Glioblastoma multiforme (GBM) represents the most malignant primary brain tumor in adults with generally dismal prognosis, early clinical deterioration and high mortality. GBM is extremely invasive, characterized by intense and aberrant vascularization and high resistance to multimodal treatment.
Standard therapy (surgery, radiotherapy and chemotherapy with temozolomide) has very limited effectiveness, with median overall survival of patients no longer than 15 months. Progress in genetics and epigenetics of GBM over the past decade has revealed various aberrations in cellular signaling pathways, the tumor microenvironment, and pathological angiogenesis.
A number of targeted anticancer drugs, such as small-molecule kinase inhibitors and monoclonal antibodies, have been evaluated in clinical trials with newly-diagnosed, as well as recurrent GBM. Unfortunately, to date, only a single anti-angiogenic agent, bevacizumab, has been approved for the treatment of recurrent GBM in the USA and Canada.

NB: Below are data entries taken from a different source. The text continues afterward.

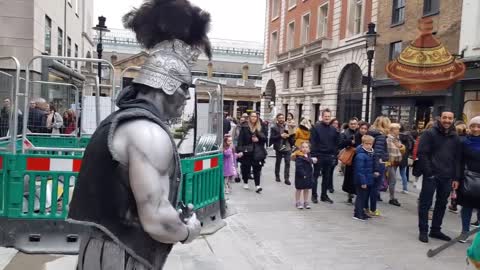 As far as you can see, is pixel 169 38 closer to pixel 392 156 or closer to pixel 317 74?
pixel 392 156

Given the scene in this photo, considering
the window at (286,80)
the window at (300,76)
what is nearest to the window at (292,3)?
the window at (286,80)

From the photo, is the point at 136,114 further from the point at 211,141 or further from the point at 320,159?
the point at 320,159

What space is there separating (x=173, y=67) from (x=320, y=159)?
7.25 m

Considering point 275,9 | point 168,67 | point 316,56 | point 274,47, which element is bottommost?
point 168,67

The novel possibilities of cancer immunotherapy, especially immune checkpoint inhibitors, are being evaluated in clinical trials of patients with GBM. The most recent clinical experiences with targeted therapy as well as immunotherapy of GBM are given in this review.
The relative lack of success of some of these approaches recently revealed in well-designed randomized clinical trials is also discussed.